Goal of the exercise
Only the opening lines of the listing, through the one with "a living room", are to be retyped, each exactly as it stands.
● ● ●
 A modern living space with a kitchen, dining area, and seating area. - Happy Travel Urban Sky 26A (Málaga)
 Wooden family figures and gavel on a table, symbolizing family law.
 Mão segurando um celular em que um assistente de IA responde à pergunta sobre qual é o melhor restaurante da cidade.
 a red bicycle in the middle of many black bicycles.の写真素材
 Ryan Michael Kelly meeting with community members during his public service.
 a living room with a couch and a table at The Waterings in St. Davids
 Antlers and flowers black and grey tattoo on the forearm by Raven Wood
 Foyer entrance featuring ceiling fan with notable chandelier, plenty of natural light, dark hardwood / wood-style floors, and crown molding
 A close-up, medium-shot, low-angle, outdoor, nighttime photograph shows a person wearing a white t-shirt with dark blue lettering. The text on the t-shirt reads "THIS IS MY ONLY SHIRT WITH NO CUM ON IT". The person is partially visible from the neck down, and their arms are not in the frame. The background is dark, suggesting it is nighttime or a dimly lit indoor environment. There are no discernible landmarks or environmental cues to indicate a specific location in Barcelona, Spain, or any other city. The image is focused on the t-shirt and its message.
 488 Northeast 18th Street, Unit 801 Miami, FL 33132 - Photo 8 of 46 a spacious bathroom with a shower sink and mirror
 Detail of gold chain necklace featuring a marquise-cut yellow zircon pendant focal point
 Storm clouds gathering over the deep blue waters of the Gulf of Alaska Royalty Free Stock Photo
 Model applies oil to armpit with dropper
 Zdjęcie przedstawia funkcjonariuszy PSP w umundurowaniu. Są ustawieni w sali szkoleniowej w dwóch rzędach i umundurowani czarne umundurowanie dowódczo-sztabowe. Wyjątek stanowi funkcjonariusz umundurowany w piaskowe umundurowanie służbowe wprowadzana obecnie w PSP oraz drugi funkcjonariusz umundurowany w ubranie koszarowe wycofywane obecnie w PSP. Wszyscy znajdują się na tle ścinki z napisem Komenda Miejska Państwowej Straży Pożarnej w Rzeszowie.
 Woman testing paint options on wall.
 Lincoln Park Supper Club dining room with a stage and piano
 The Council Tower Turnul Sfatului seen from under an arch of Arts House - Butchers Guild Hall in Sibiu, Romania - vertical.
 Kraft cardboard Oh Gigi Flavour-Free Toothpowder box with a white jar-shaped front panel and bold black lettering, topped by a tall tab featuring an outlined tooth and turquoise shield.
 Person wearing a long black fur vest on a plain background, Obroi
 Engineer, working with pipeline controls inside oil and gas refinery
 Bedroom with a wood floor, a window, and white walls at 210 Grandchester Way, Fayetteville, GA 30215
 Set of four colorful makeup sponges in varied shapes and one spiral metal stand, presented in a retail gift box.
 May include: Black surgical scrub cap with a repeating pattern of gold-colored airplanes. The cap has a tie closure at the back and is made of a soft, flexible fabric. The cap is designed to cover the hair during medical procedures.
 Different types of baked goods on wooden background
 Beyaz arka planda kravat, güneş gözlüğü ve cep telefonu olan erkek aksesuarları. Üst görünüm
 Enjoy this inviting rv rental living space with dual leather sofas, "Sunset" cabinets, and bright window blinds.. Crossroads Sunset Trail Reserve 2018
● ● ●
Task answer
 A modern living space with a kitchen, dining area, and seating area. - Happy Travel Urban Sky 26A (Málaga)
 Wooden family figures and gavel on a table, symbolizing family law.
 Mão segurando um celular em que um assistente de IA responde à pergunta sobre qual é o melhor restaurante da cidade.
 a red bicycle in the middle of many black bicycles.の写真素材
 Ryan Michael Kelly meeting with community members during his public service.
 a living room with a couch and a table at The Waterings in St. Davids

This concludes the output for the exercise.